La tierra
Con el tiempo, mis tías se fueron convenciendo de que no iban a poder atraer a ningún otro hombre; mi madre también se había convencido del imposible regreso de su amante, quizás antes que mis tías. Entonces, todas se volvieron más beatas, se hicieron médiums e iban todas las semanas al templo de Arcadio Reyes, acabando poseídas por violentos espíritus que las conmocionaban. La misma casa de mi abuelo se convirtió en una especie de sucursal del templo espiritista de Arcadio Reyes; allí acudían vecinos de todos los barrios cercanos y algunos remotos para ser despojados espiritualmente por mis tías. Todas mis tías se ponían alrededor de la persona que iba a ser despojada; a veces esas personas eran libradas de su mal con una visita, pero otras veces el mal era tan terrible que tenían que ir varias veces a la casa y hacerse varios despojos.

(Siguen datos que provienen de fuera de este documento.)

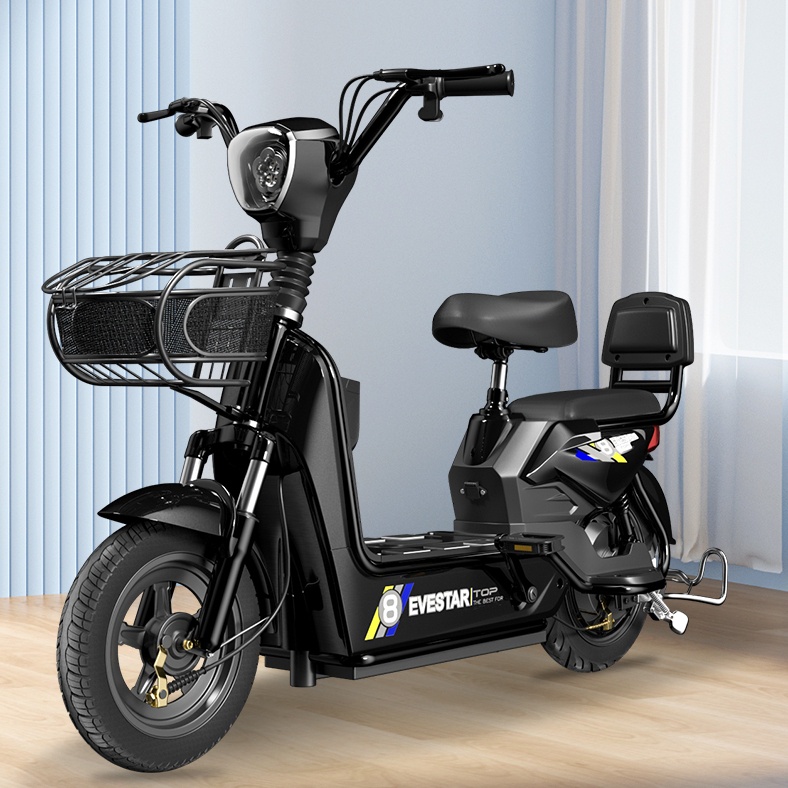 xe đạp điện yadi Emma (sẵn hàng)
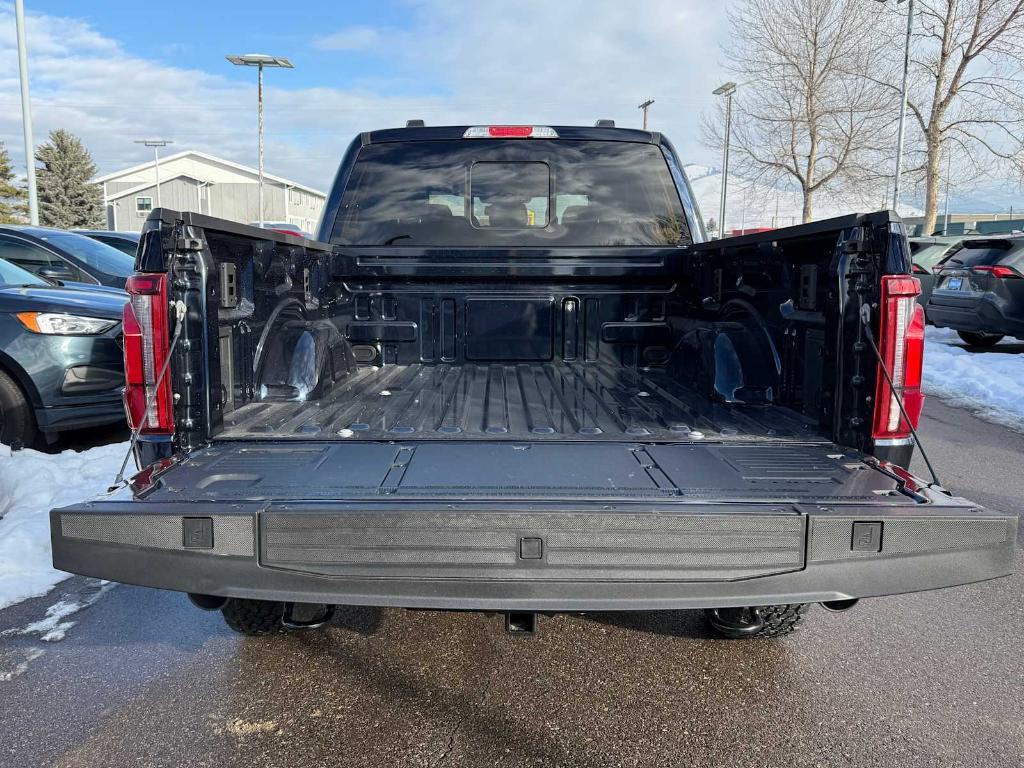 new 2024 Ford F-150 car, priced at $65,157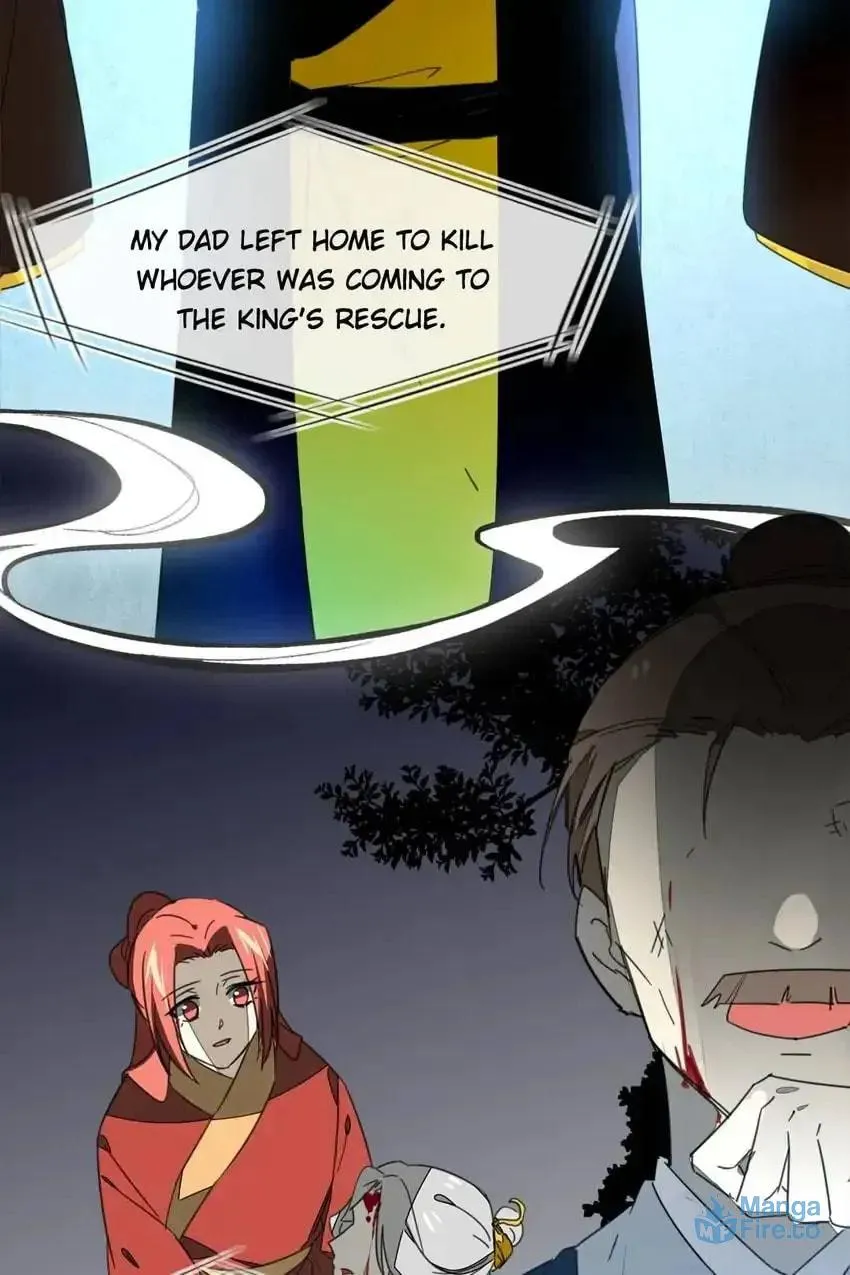 Read I Am Not Your Enemy (Colored) chapter 74 image 9 on Lezhin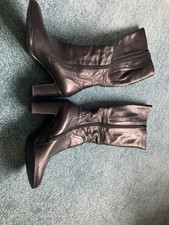 Gabor leather boots for sale  CAMBRIDGE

Una noche mi prima Dulce Ofelia y yo, en medio de una de aquellas sesiones espirituales, cogimos un puñado de tierra y lo tiramos contra la pared; inmediatamente, una de mis tías cayó en trance. Recientemente se habían muerto los padres de mi abuela y los herederos tenían una guerra familiar por la repartición de la tierra; aquel puñado de tierra era, sin duda, según decía la posesa, el reclamo de un espíritu que pedía la repartición justa entre los herederos porque, de lo contrario, iban a acaecer terribles desastres a toda la familia. En aquel momento mi prima y yo nos reímos de los vaticinios de aquel espíritu; sin embargo, más adelante sucedieron ciertamente muchas calamidades y se perdieron aquellas tierras. Tal vez nuestras manos fueron instrumento de algún espíritu profético y burlón. De todos modos, vuelvo a la tierra: mi infancia comenzó comiendo tierra, mi primera cuna fue un hueco de tierra hecho por mi abuela; metido en aquel hoyo, que me daba más arriba de la cintura, aprendí a ponerme de pie. Esa misma técnica la había utilizado mi abuela con todos sus hijos; yo, metido en el hueco, palmoteaba en el piso de tierra. Después, tiraba tierra contra la pared y una de mis diversiones solitarias era construir castillos de fango; amasaba la tierra con agua que traía desde el pozo lejano; uno de mis juegos favoritos, con mis primos, era lanzamos tierra; escarbar la tierra era descubrir insólitos tesoros en forma de vidrios de colores, caracoles, trozos de cerámica. Regar la tierra y ver cómo absorbe el agua que le ofrendamos es también un acto único; caminar por la tierra, después de un aguacero, es ponemos en contacto con la plenitud absoluta; la tierra, satisfecha, nos impregna con su alegría, mientras todos sus olores llenan el aire y nos colman de una ansiedad germinativa.
Cuando nacíamos, la comadrona rural que nos cortaba el cordón umbilical tenía por costumbre frotar el ombligo con tierra; muchos niños morían a causa de la infección, pero sin duda los que se salvaban habían sabido aceptar la tierra y estaban listos para soportar casi todas las calamidades por venir. En el campo estábamos unidos a la tierra de una manera ancestral; no podíamos prescindir de ella. Ella estaba presente en el momento de nuestro nacimiento, en el de nuestros juegos, en el trabajo y, desde luego, en el momento de la muerte. El cadáver, dentro de una caja de madera, se entregaba directamente a la tierra; pronto el ataúd se pudría y el cuerpo tenía el privilegio de diluirse en aquella tierra y hacerse parte vital de ella, enriqueciéndola. El cadáver renacía como árbol, como flor o como algún tipo de planta que tal vez alguien como mi abuela algún día olería, pudiendo vaticinar sus propiedades medicinales.